Writing Wednesday - Too Much Tension?

So most advice I see nowadays says to make sure you include conflict in every page, end every scene or chapter with a cliff-hanger, and end most or even all scenes with things getting increasingly worse for your characters. That can make a gripping page-turner (Hunger Games, some romances). But I think it has potential to get dull and predictable, and/or to be ridiculous.

Spoiler alert if you watched ABC Tuesday night about 3 weeks ago.

Now, I may have misunderstood this scene, seeing as I didn't even make it through the actual pilot episode of this superhero show, and haven't seen a full episode since. But I tuned in about 10 minutes before the end, and saw a shape-shifter (in the form of Hero) fighting with Hero in Hero's home. After a long fight, one of them finally goes down.

Some time later, Wife of Hero comes in the door. (At least, from the little I've seen of the show, that's what she seems to be primarily--not so much the Heroine.) Anyway, Wife sees Hero on the ground, apparently dead, and starts crying over her dead husband. Eventually Hero comes out FROM UPSTAIRS and explains that no, he's alive, don't be sad, etc.

I know television men are not much for cleaning up, but seriously, Hero, the polite thing to do would at LEAST be to leave your wife a note! "Sorry, honey; killed shapeshifter in living room. Will clean up later.
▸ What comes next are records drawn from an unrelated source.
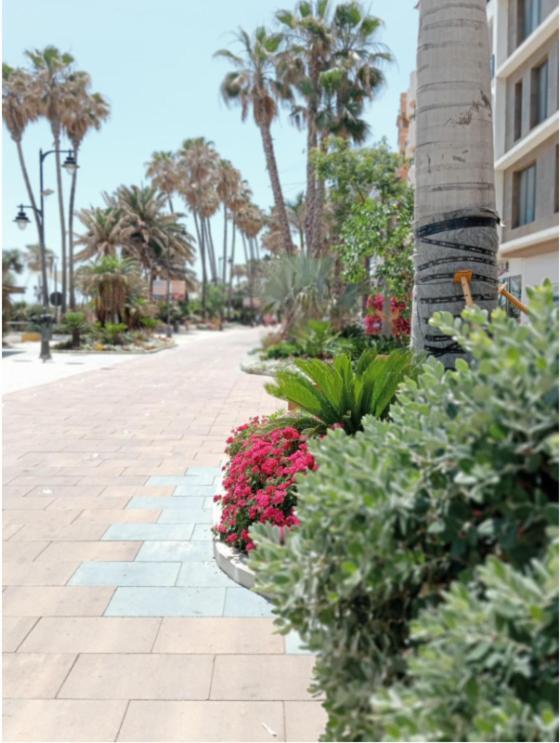 Beach Side Apartment -Estepona Extérieur photo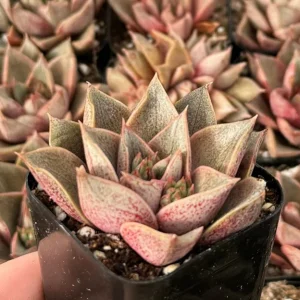 Echeveria Purpusorum Live Succulent Plant – 2.5 inch Pot – Indoor/Outdoor - Image 1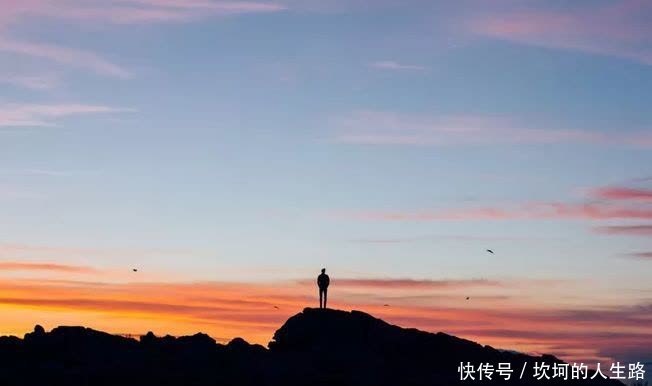 聪明和智慧是两回事(看后大悟)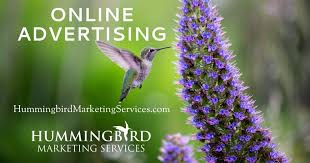 hummingbird online marketing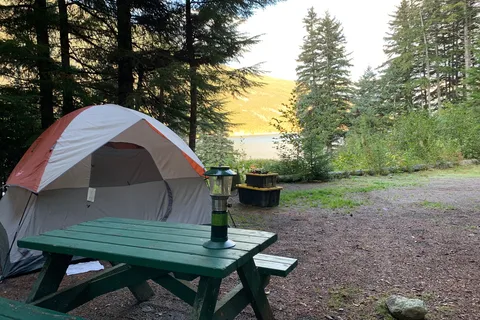 Salmon Run RV Campground and Cabins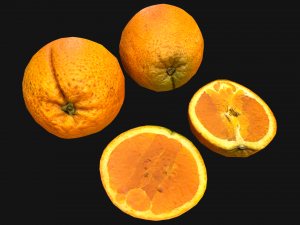 Orange Modelo 3D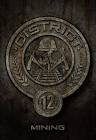 Boucle ceinture hunger games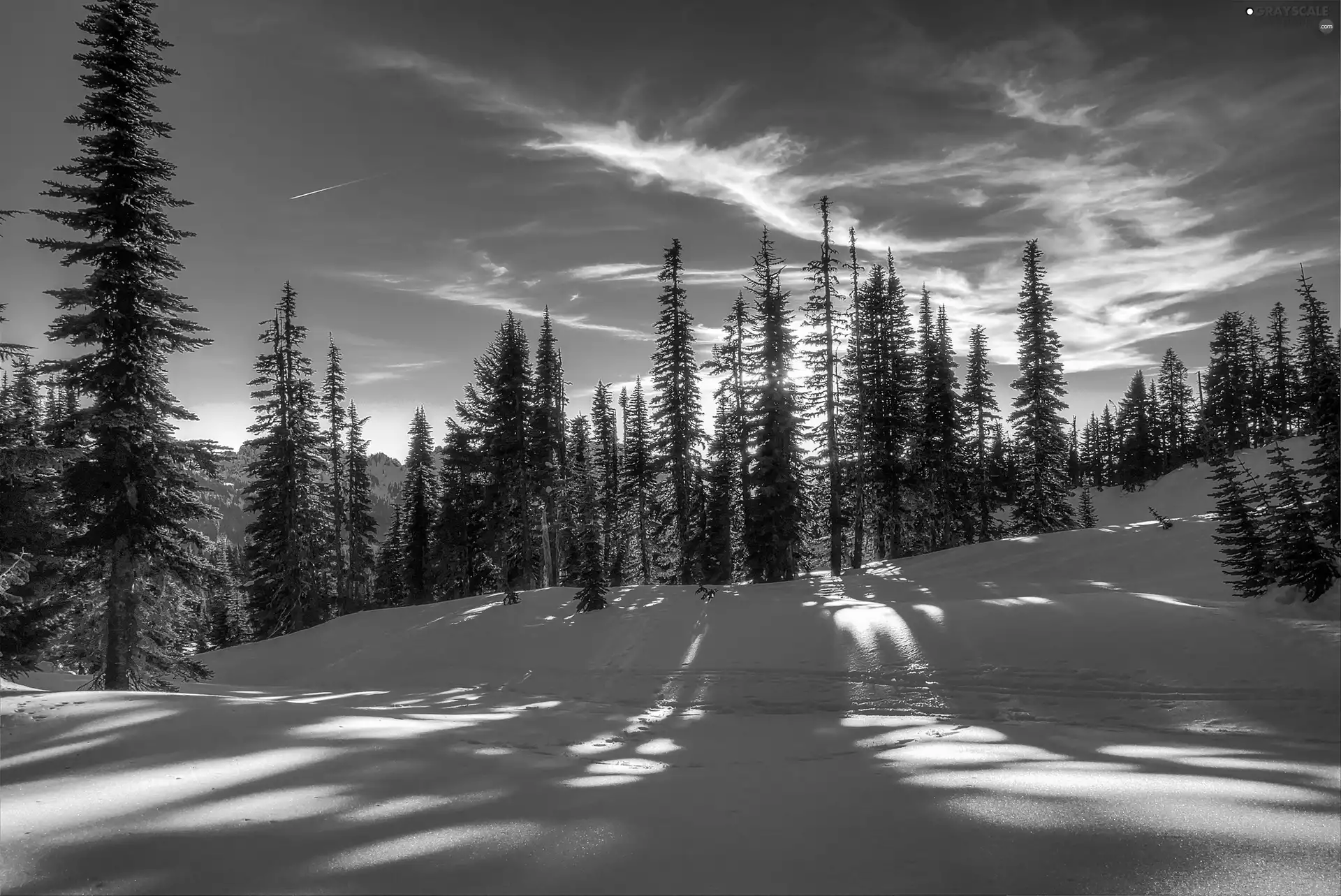 west, winter, trees, viewes, sun, snow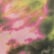 Limelight Tie Dye
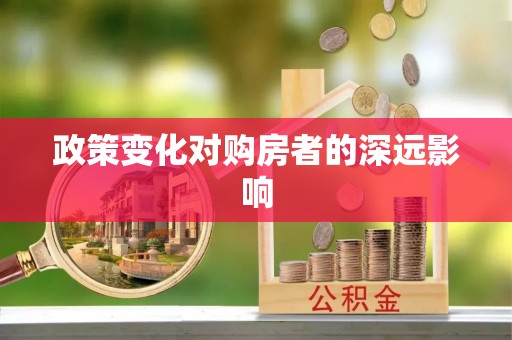兴国政策变化对购房者的深远影响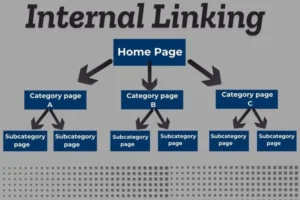 how to do SEO for a website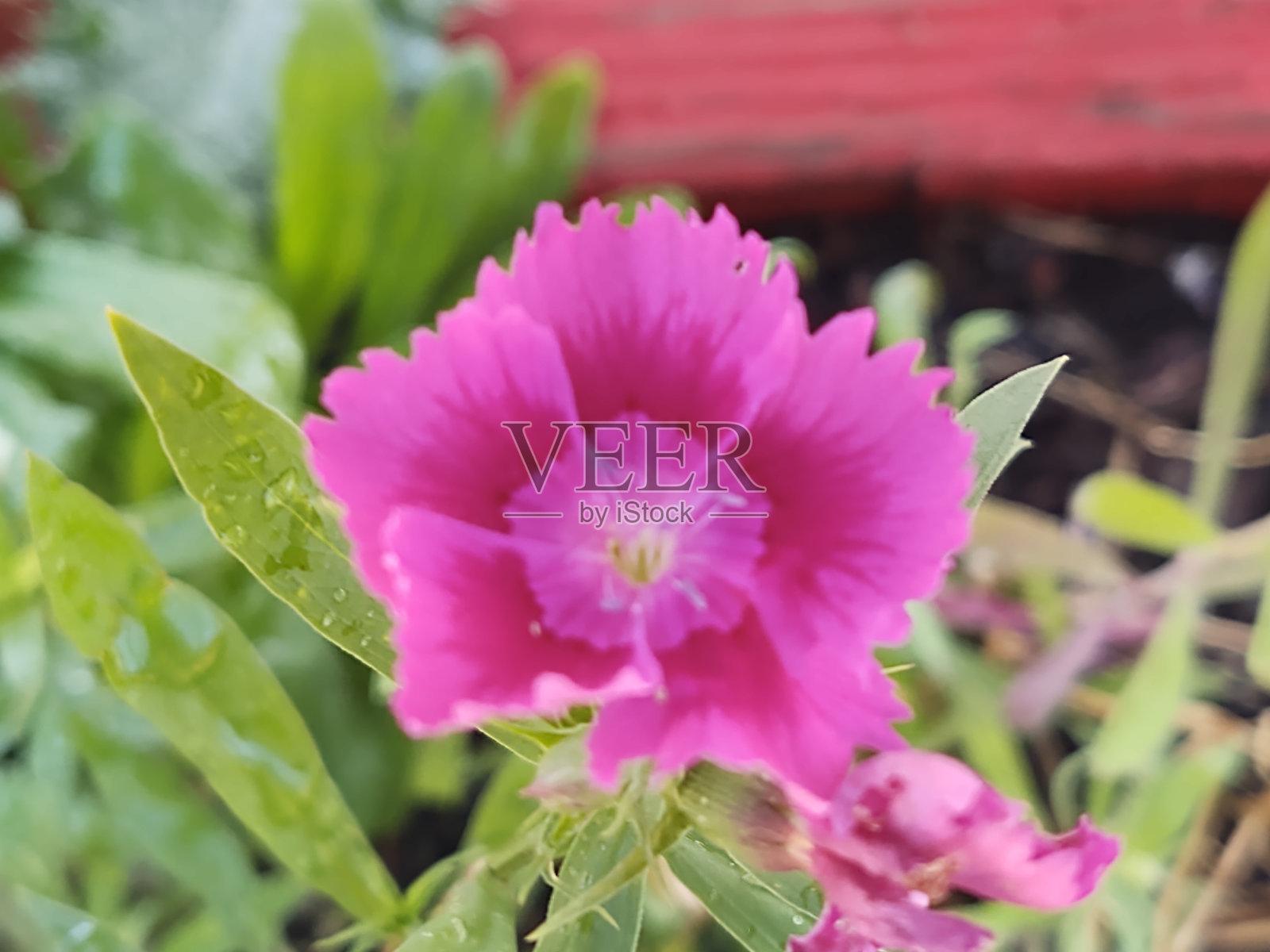 粉色花朵特写照片摄影图片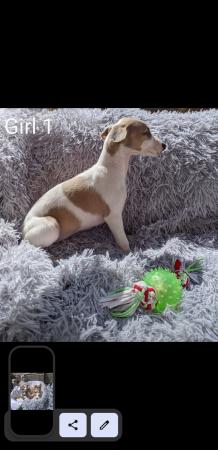 Image 3 of WHIPPET PUPPIES, PEDIGREE,KC REGISTERED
Love, Hero." Even better would be to clean up the body, or at least be in the same room so your wife doesn't think you're dead.

If I saw that scene correctly, that was a trademark example of when supposedly "increasing the tension" is just plain gratuitous and silly.

In the show that followed, the female lead's long-lost divorced or separated husband finally returned to her life. After about 3 episodes, the pair were rekindling their love, it looked like they were going to be a family again, etc.

Right then, I figured lead's ex was not long for this world. Sure enough, by the end of the episode he was full of bullets (and yes, really dead...to date, anyway; characters on that show tend to rise again...).

So in that case, following the plan of "how can we make things worse for the characters" actually led to a certain predictability. I even found that true somewhat in Hunger Games, where you knew things just HAD to get worse, to the point where I got somewhat jaded to the horrors. As a Christian, I don't like when that happens.

Now, in fairness, most advice saying you should have "conflict" on every page specifies that by "conflict" they don't necessarily mean violence. But I don't know...one of the reasons I read (and write!) is to feel and share joy, and I feel like lately there's a really heavy focus on the drama and angst, with very little joy and wonder. Can't there be a balance? Of things I've read that were written fairly recently, I'd say maybe the first few Harry Potter books achieve this--the joy and wonder of the wizarding world coupled with some darkness. Romance novels can sometimes pull it off (again, I haven't read many, but they can couple horrific danger with the wonder of meeting one's soul-mate).

I don't know. Tough call. Do you think writers can take "tension" and "conflict" too far?